Там Валерик раззнакомился со всеми соседями. Общительный красивый мальчик нравился. Особенно соседей забавляла его увлеченность песнями. Он быстро схватывал мелодии и слова, а потом удивлял умением мастерски скопировать исполнителя.

– В бананово-лимонном Сингапуре… – доносилось из радиоточки танго Вертинского, а Валерик, копируя жеманную манеру певца, подпевал:

– Когда поет и плачет океан…

Или чередовал реплики Благова, Марковича и Гофмана, ловко меняя голос:

– Соседка влюбилась в кого-то из нас: Мандолину!.. гитару!.. и бас!..

При этом так пылко поглядывал на соседку по квартире Полину Леонидовну, часто заказывавшую песню, что та смущалась. Будто перед ней стоял не мальчик, а знаменитое трио в полном составе.

Валерик охотно откликался, когда просили спеть популярное, часто звучавшее на радио: «Еде-еду-еду я по свету…» из «Счастливого рейса». Хватался за крышку кастрюли и барабанил в такт по столу.

Легко перенимал и женскую манеру исполнения. Задумчиво тянул: «Каким ты был, таким ты и остался…» И советская селянка звенела не менее полнозвучно, чем у Ладыниной.

Однако сам тяготел к песням мятежным, драматичным, отчаянным. Валере нравилось не просто петь, но и отыгрывать, потому строгости исполнения он предпочитал вызов, удаль, вокальную экспрессию.
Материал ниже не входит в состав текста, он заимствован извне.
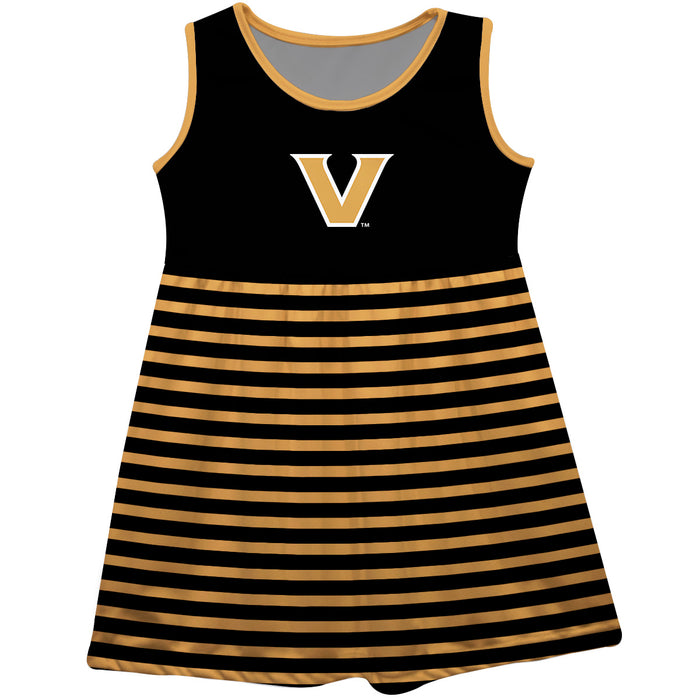 Vanderbilt University Commodores Vive La Fete Girls Game Day Sleeveless Tank Dress Solid Black Logo Stripes on Skirt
Пожилая итальянка Инна Вадимовна Скуфатти, преподававшая в академии сольное пение, пыталась донести до него важность сохранения детской фальцетности:

– Не перенапрягай голосовую мышцу! – волновалась она. – Испортишь голос!
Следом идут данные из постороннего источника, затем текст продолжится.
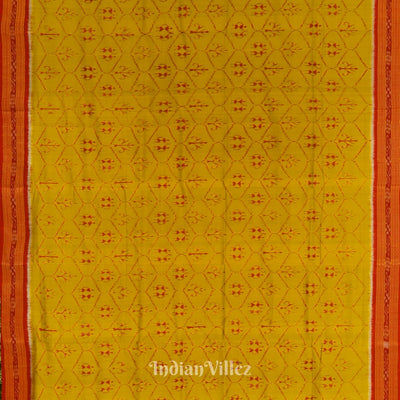 Golden Yellow Tribal Art Odisha Ikat Khandua Silk Saree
Какое-то время Валера беспрекословно следовал всем советам. Ведь репертуар песен, звучавших на радио, исчерпался. А на комоде Инны Вадимовны стоял заветный зеленый чемоданчик – ленинградский патефон «Дружба».
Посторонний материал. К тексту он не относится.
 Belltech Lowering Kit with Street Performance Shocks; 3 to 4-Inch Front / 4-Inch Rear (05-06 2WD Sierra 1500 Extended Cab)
С пластинок итальянки он выучил «Цыганскую скрипку» и, подражая драматичному тенору Фернандо Орландису, изображал цыгана вида печального и страстного:

– Oh zigano dall’aria triste e appassionata! – вскидывал голову и, прижимая руку к серцу, пел он, – che fai piangere il tuo violino tra le dita…[1]

После страстного танго переключался на нежную баркаролу «Далекая земля»:

– Lonta-a-a-no… tutti abbiamo una casa…[2] – И казалось, что он в самом деле венецианский гондольер, в песне рассказывающий о том, что далеко-далеко у всех нас есть дом.

Тогда же с возвращением родителей Валера узнал, что у него есть и другие бабушка с дедушкой. Не то чтобы Домна намеренно скрывала. Просто ее отношения с четой Ободзинских до войны не задались. Те хорошо приняли мягкосердечную красивую Женечку, но Домне казалось, что Ободзинские считают ее партией невыгодной для Володи: девушка без образования и талантов. Независимость и гордость подсказывали держаться подальше от «снобов», ведь Иван Фабианович Ободзинский относил себя к польской интеллигенции, а Мария Николаевна и вовсе была дворянкой из рода Борщевских. Домне не нравилось все: и чрезмерная расточительность Марии Николаевны, и привычка устраивать дома концерты. Однако молодые не посчитались с мнением Женечкиной мамы и все равно поженились. Домна обижалась, отказывалась ходить в гости и к себе не звала:

– Мы люди простые, концертами развлекать не умеем.

В войну стало не до обид. А уж после тем более.

И теперь Валера наконец познакомился с другими бабушкой и дедушкой. Володя каждую неделю навещал родителей на улице Баранова, и конечно же, брал с собой жену и сына.

– Ты знаешь, кто твой дед Ваня? – рассказывал папа по дороге, аристократично поднимая указательный палец вверх, – польский интеллигент.

1

О, цыган вида печального и страстного! Заставляющий свою скрипку плакать в руках… (итал.). (Прим. ред.)